The European Union is in great need of investments and trade from the East, and if the community hinders them, its global economic weight will lessen, the minister of foreign affairs and trade said in Brussels on Friday. The ministry cited Péter Szijjártó telling a press conference after the EU Indo-Pacific Ministerial Forum that in recent years, the centre of gravity in the global economy had shifted from West to East. Whereas in the past, some 70-80% of global investment was financed from Western capital and the remaining 20-30% from Eastern capital, this proportion has since turned around, he said.
Eastern and Western companies depend on each other more than ever before. “Some view this as a negative development, but I think it is good and positive,” he added. “It is very important that in this new era, Europe should find the right responses because if bad responses are given to this new reality, they will cause much more severe problems in terms of the economy,” he said.

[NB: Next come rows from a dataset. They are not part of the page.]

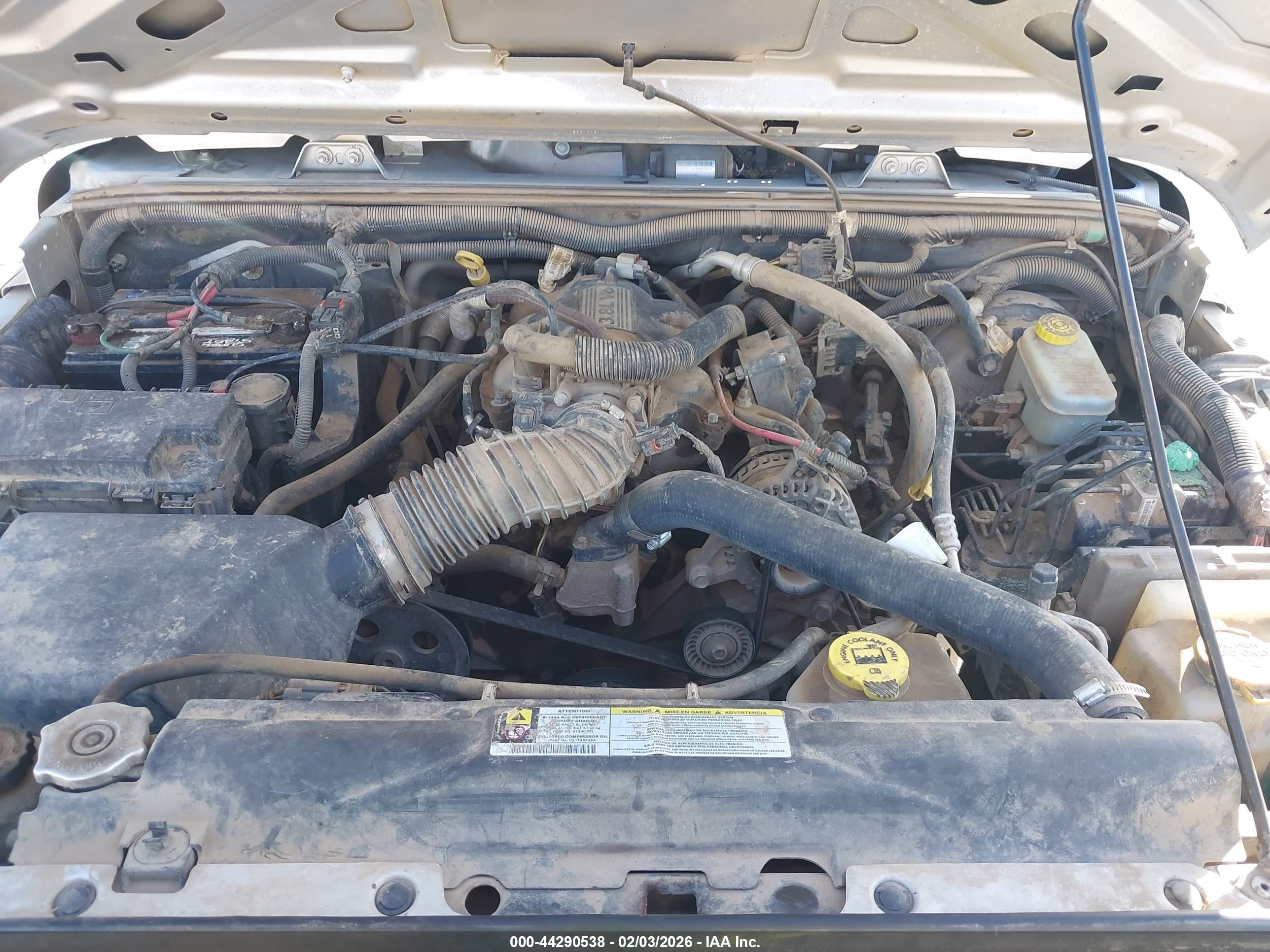 2008 Jeep Wrangler X Серебряный vin: 1J4FA24138L595632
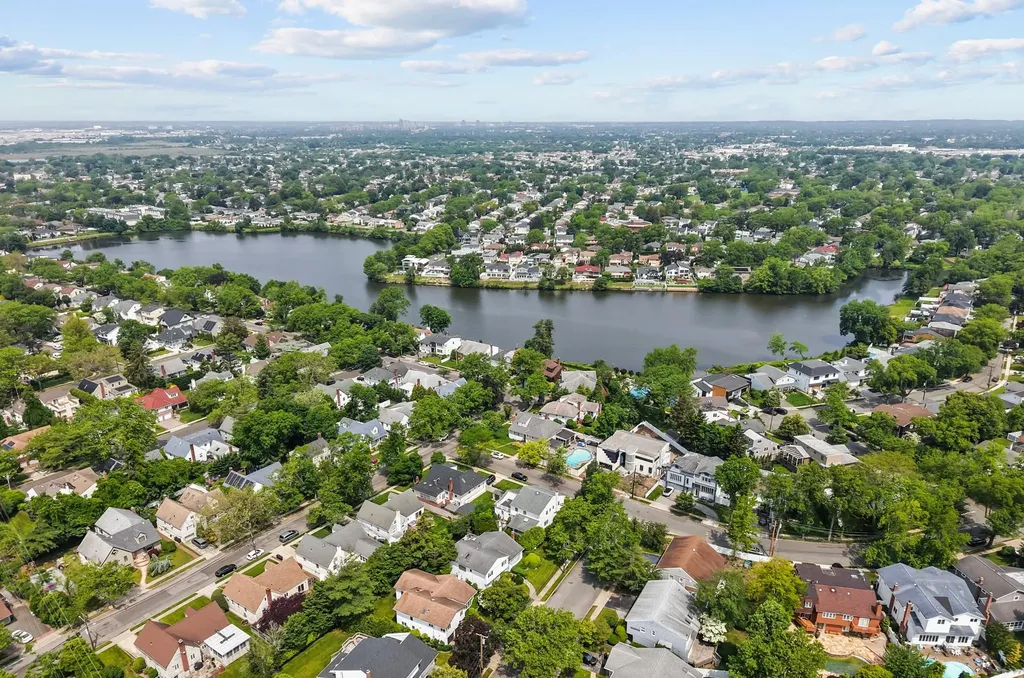 561 Amherst Drive Woodmere NY 11598
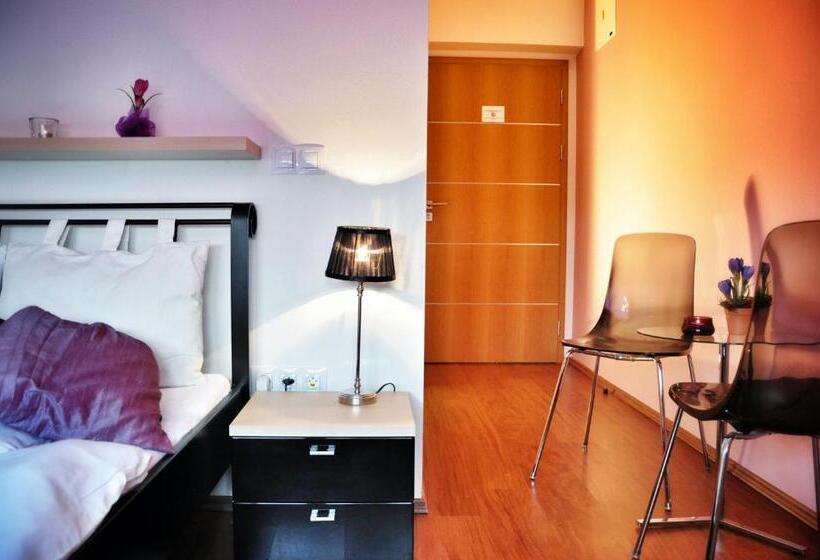 اتاق عادی, Design Hotel Romantick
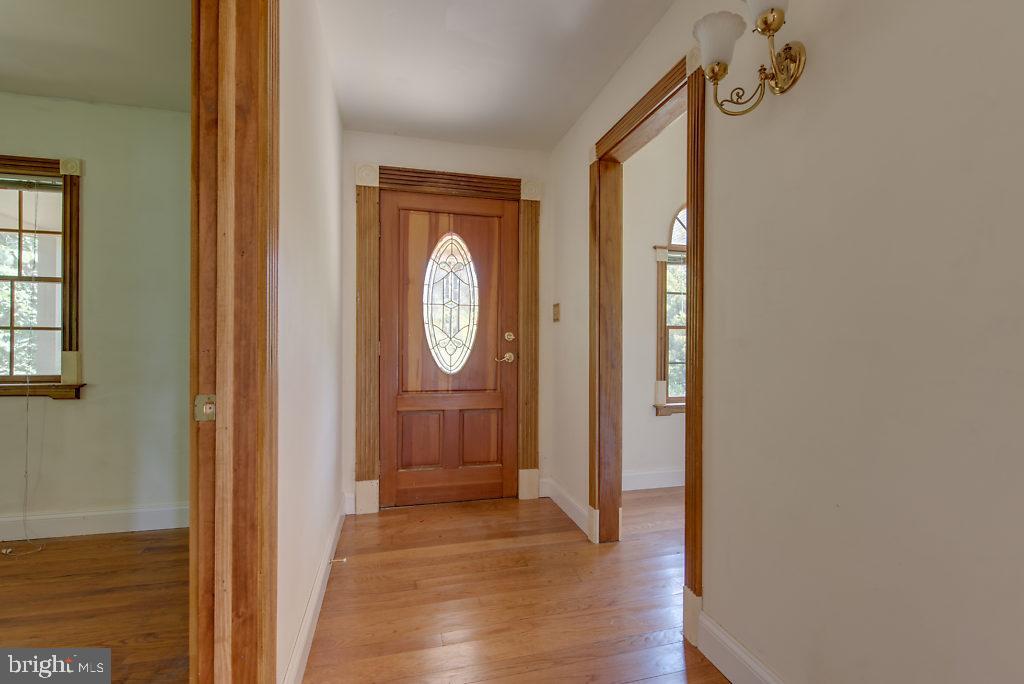 740 Powhatan Beach Road Pasadena, MD 21122 - Photo 17 of 39 Entrance foyer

He said Europe needed investments and trade from the East, especially considering the fact that the electronic transition in the car industry, a crucially important sector of the economy, would be impossible without Asian suppliers. “If Europe barricades itself from Eastern investment and puts up barriers to trade with the East, then the European Union will further lose its economic significance,” he said, adding that China had already overtaken the EU in terms of GDP. He confirmed that the Hungarian government would make further steps during Hungary’s upcoming EU presidency towards connectivity, and plans to speed up free trade talks with southeast Asian states including Malaysia, Indonesia, Thailand and the Philippines.

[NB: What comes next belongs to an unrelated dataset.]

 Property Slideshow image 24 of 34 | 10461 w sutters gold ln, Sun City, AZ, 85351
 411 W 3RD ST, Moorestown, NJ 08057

“While we in Europe were tied up in our problems and outdated, ideologically forced disputes, one of the world’s largest free trade regions has been set up in South-East Asia,” he said.
Countries of the Regional Comprehensive Economic Partnership (RCEP) provide 29% of global GDP, and “it is therefore in the European Union’s interest to develop the closest possible cooperation with this free trade region”, he said. The minister said that if the EU wanted to sign free trade agreements “with the intent of political and ideological lecturing”, then partners would obviously not enter the agreement.
He praised the success of Hungary’s policy of opening to the East. Had the government yielded to “pressure and attempts to discourage us”, Hungary would have lost out on some great opportunities, considering that the largest investments in the past ten years arrived from China and South Korea, he added.
Trade between Hungary and South-East Asian countries increased by 75% in the past ten years, and investments from the region helped the Hungarian economy’s shift to a higher gear and guarantee the maintenance of its growth path. “Hungary is living proof that East-West cooperation indeed has great advantages,” he added.